> [Data under study]:
++++
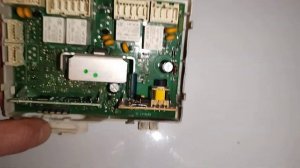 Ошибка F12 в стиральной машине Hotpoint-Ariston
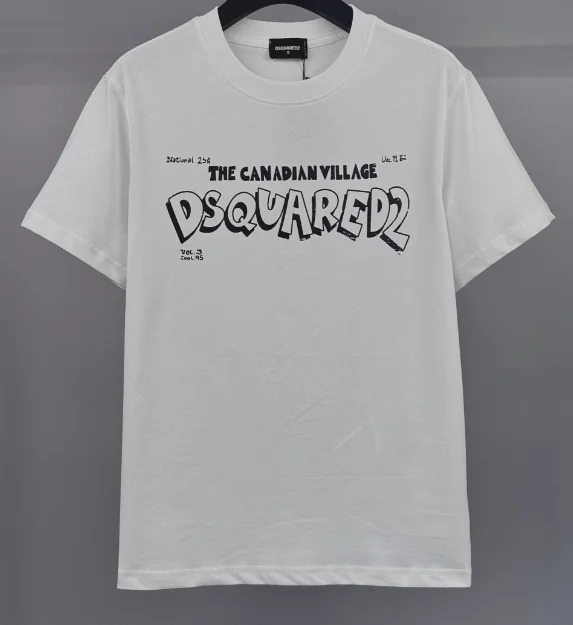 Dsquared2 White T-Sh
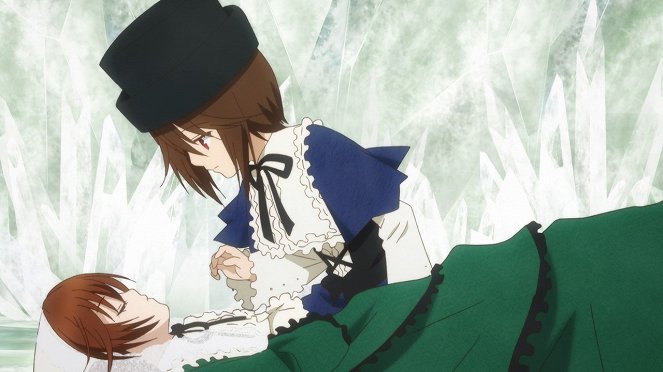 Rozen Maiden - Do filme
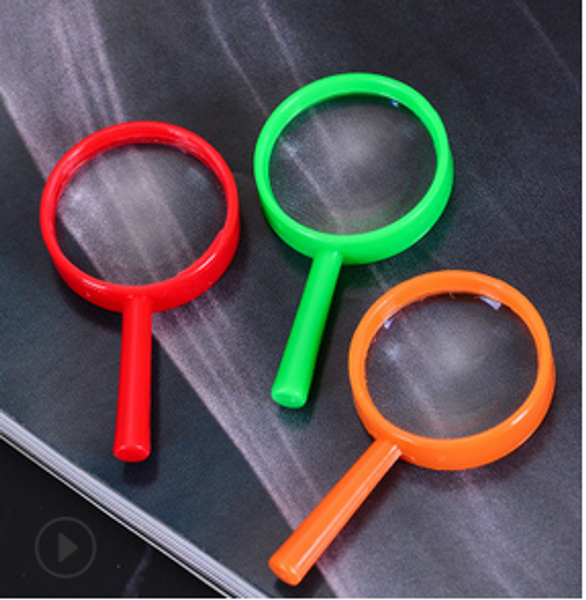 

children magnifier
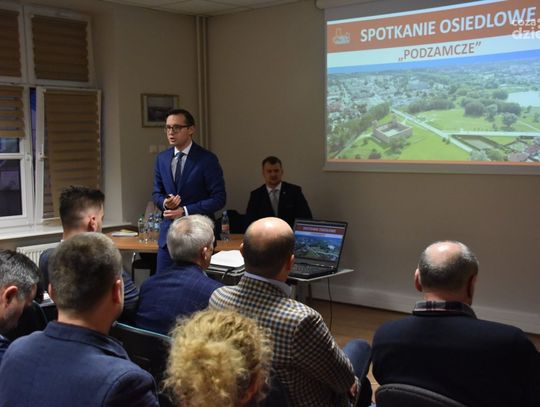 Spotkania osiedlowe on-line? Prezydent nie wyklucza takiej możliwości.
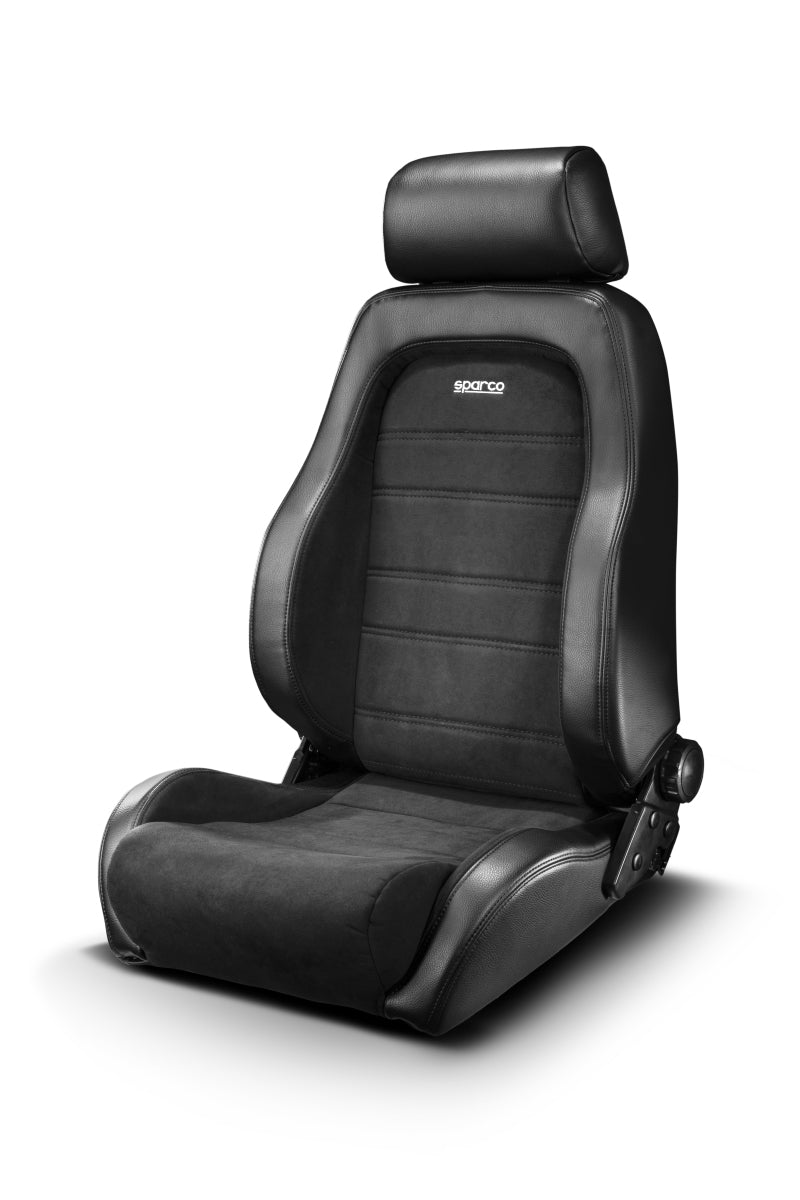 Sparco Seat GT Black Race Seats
++++
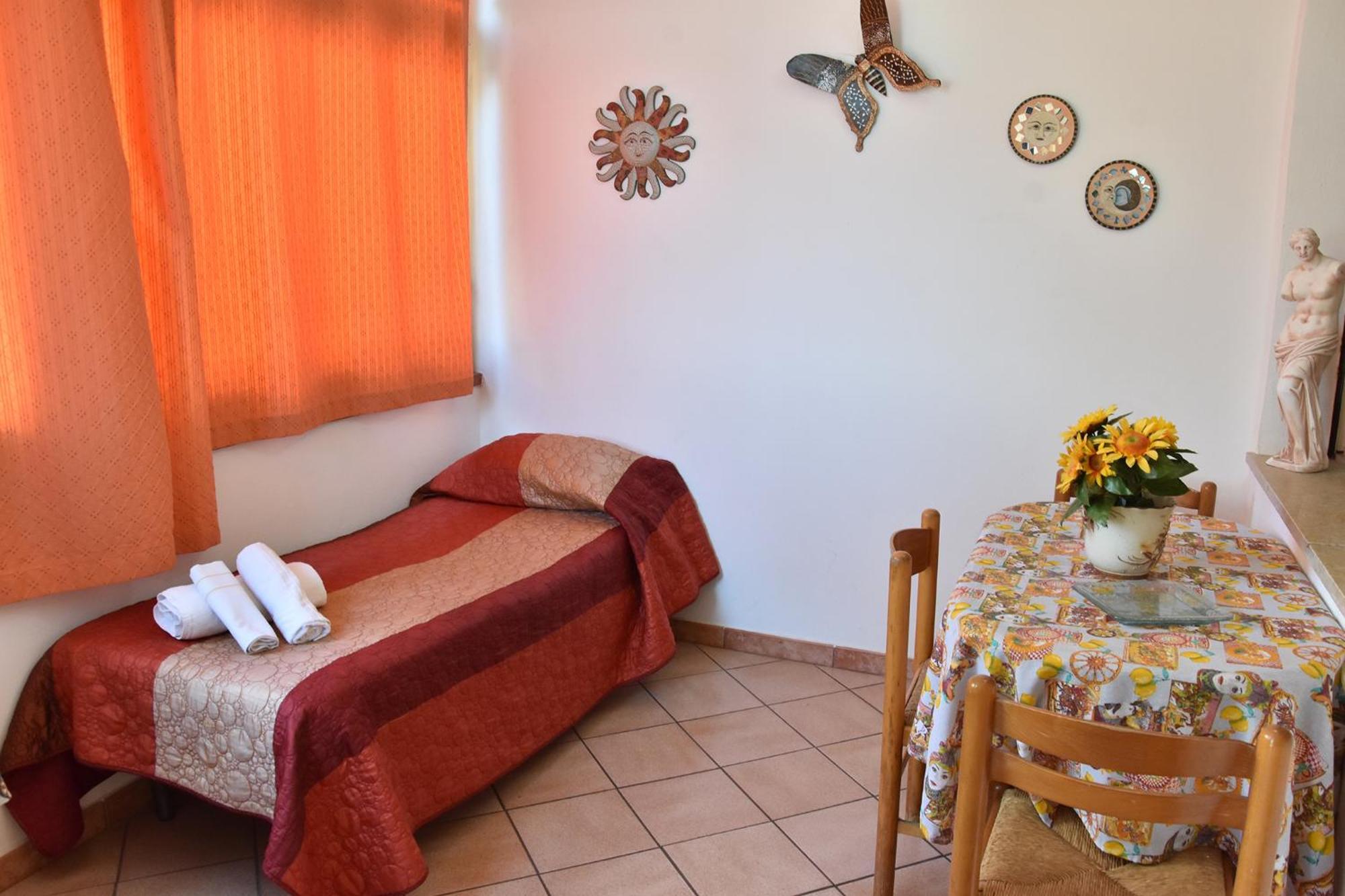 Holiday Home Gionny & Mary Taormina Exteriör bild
++++
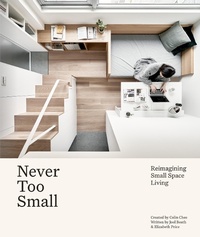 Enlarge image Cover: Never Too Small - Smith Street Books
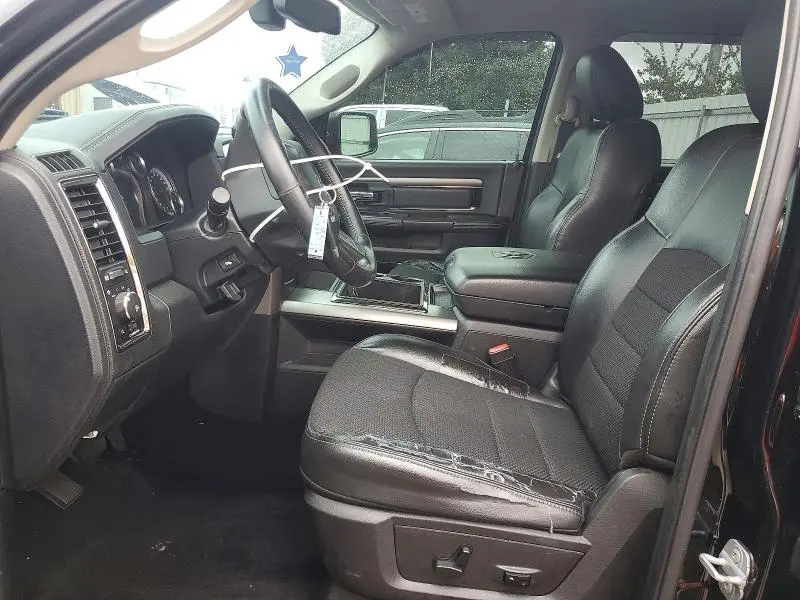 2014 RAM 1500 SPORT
++++
> [Assignment]: Above are some records; quote exactly and only the lines that begin at the line containing "Dsquared2 White T-Sh" and stop after the line containing "Sparco Seat GT Black Race Seats", leaving out the pictures.

> [Result for this task]:
 Dsquared2 White T-Sh
 Rozen Maiden - Do filme

children magnifier
 Spotkania osiedlowe on-line? Prezydent nie wyklucza takiej możliwości.
 Sparco Seat GT Black Race Seats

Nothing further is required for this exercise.